* [Task objective]: The material below should be copied line for line, please, with pictures omitted.

* [Data below]:
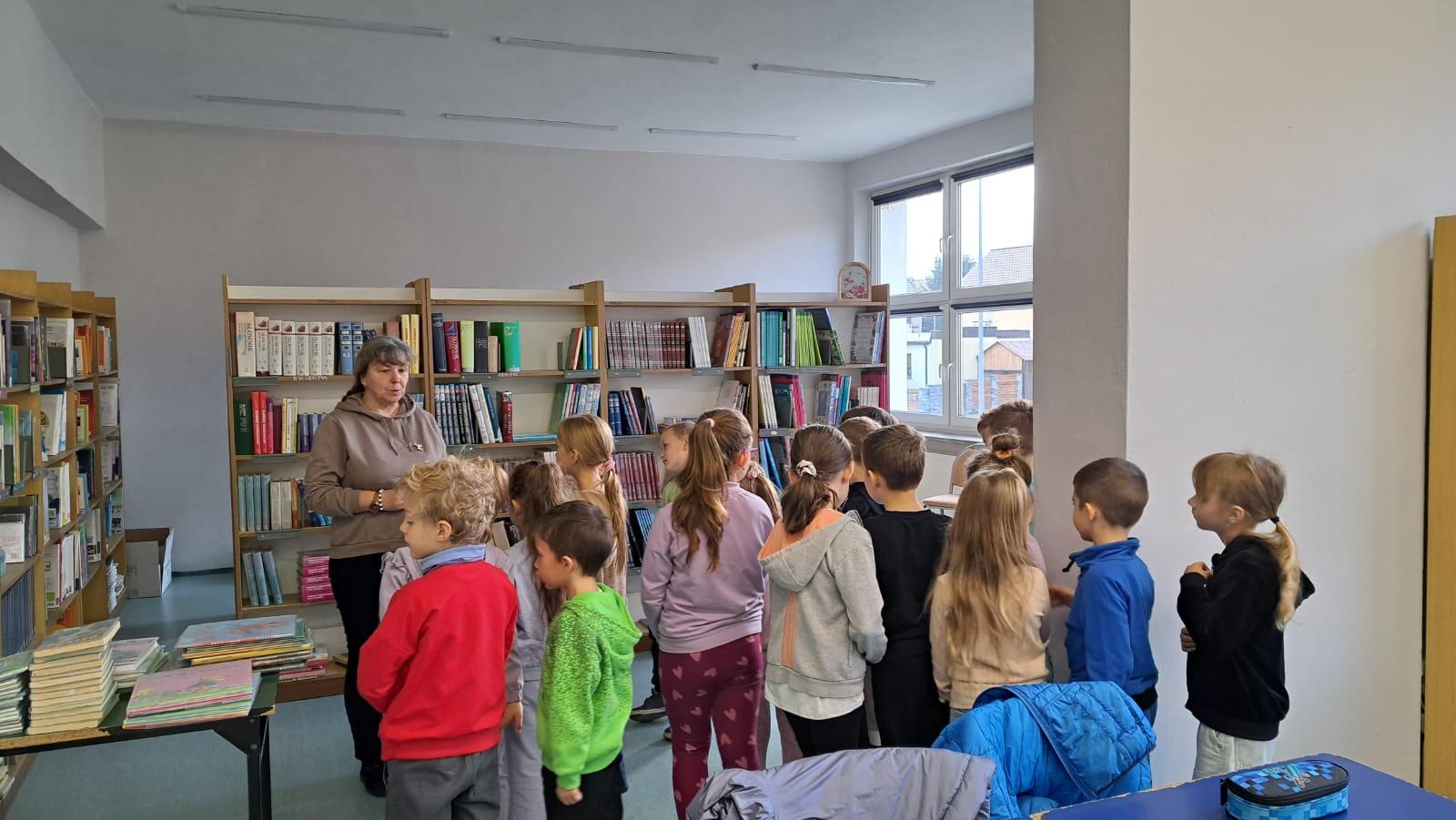 Pierwszaki w bibliotece szkolnej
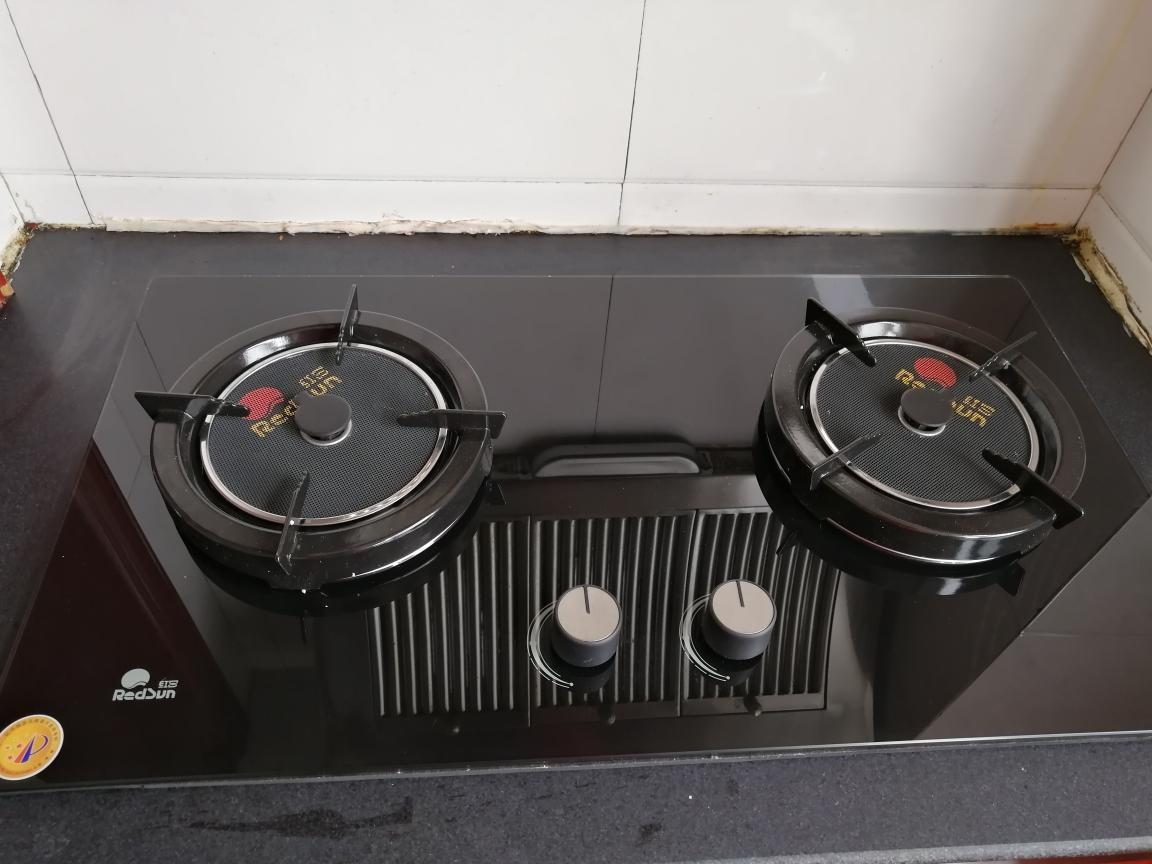 为什么很多人都开始嫌弃“燃气灶”？看完才知道，他们是真聪明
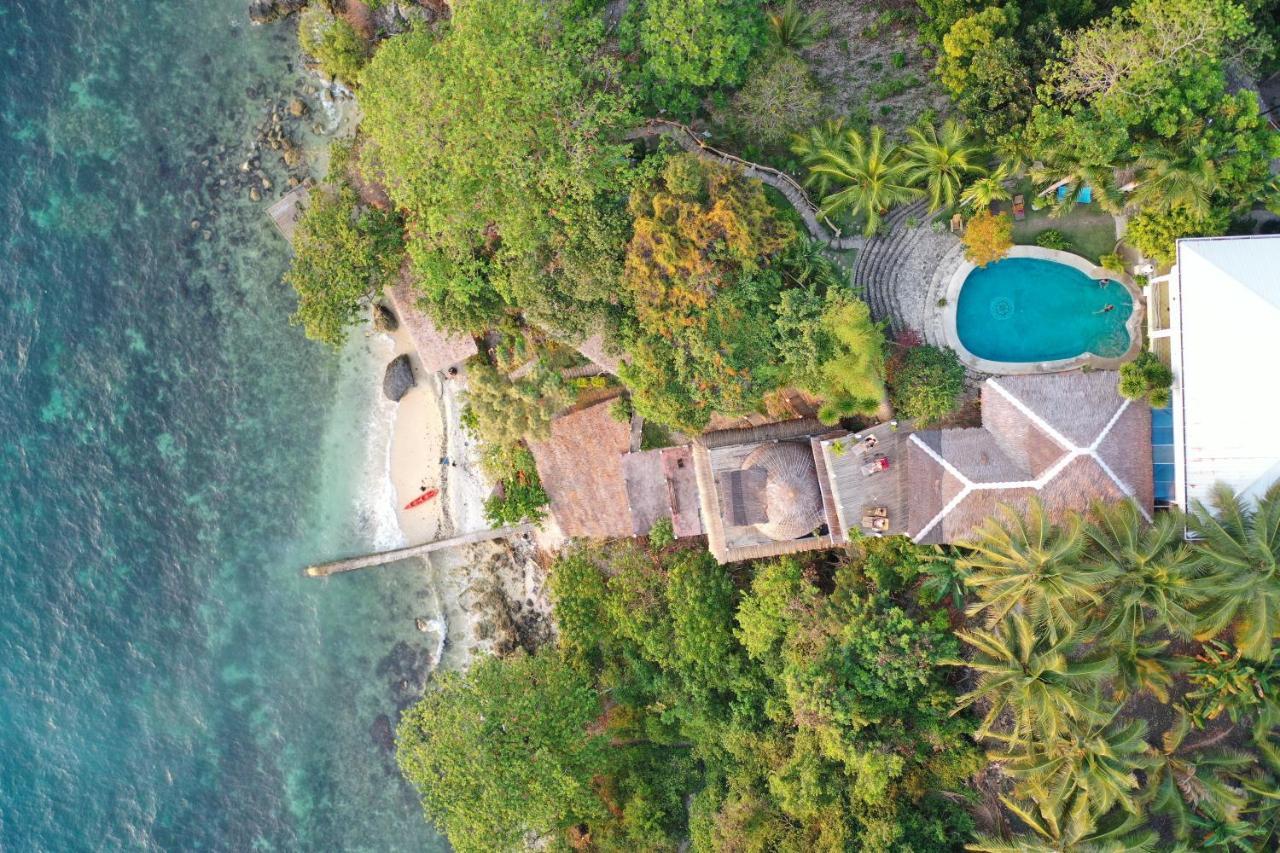 Fantasy Lodge Samboan Exterior photo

* [Result]:
 Pierwszaki w bibliotece szkolnej
 为什么很多人都开始嫌弃“燃气灶”？看完才知道，他们是真聪明
 Fantasy Lodge Samboan Exterior photo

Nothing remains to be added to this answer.